**Source material**
-*-*-
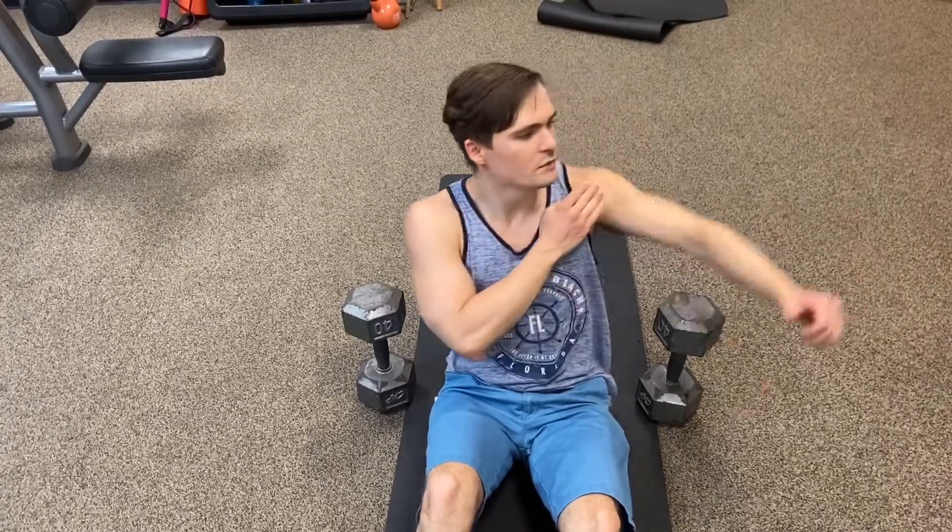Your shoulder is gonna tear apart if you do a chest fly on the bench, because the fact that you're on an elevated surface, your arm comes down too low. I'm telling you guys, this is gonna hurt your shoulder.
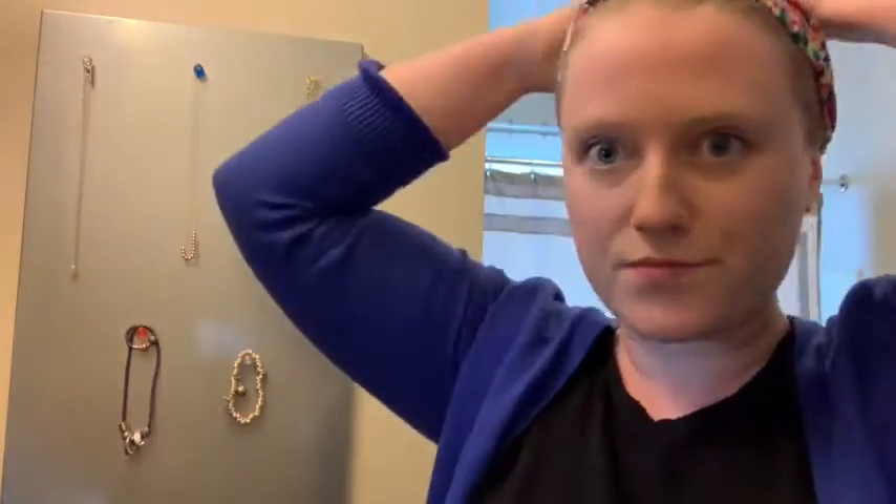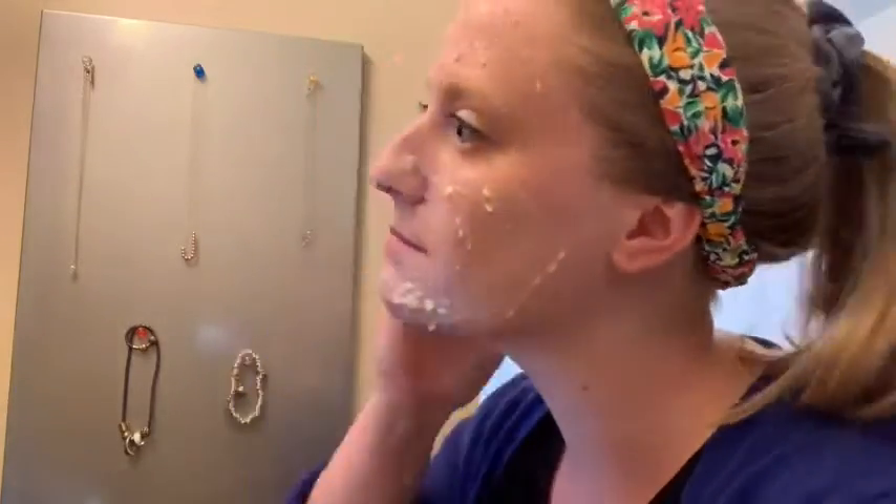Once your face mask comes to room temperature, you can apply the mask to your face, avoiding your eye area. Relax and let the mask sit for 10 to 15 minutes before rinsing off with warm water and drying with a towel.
-*-*-
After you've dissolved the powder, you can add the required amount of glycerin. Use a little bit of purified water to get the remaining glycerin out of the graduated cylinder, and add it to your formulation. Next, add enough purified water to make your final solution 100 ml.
-*-*-
**Problem to solve**
Using the entries above, write out exactly the lines from the one with "Your shoulder is" through the one with "Once your face", ends included. Leave out any pictures.

**Solution to this exercise**
Your shoulder is gonna tear apart if you do a chest fly on the bench, because the fact that you're on an elevated surface, your arm comes down too low. I'm telling you guys, this is gonna hurt your shoulder.
Once your face mask comes to room temperature, you can apply the mask to your face, avoiding your eye area. Relax and let the mask sit for 10 to 15 minutes before rinsing off with warm water and drying with a towel.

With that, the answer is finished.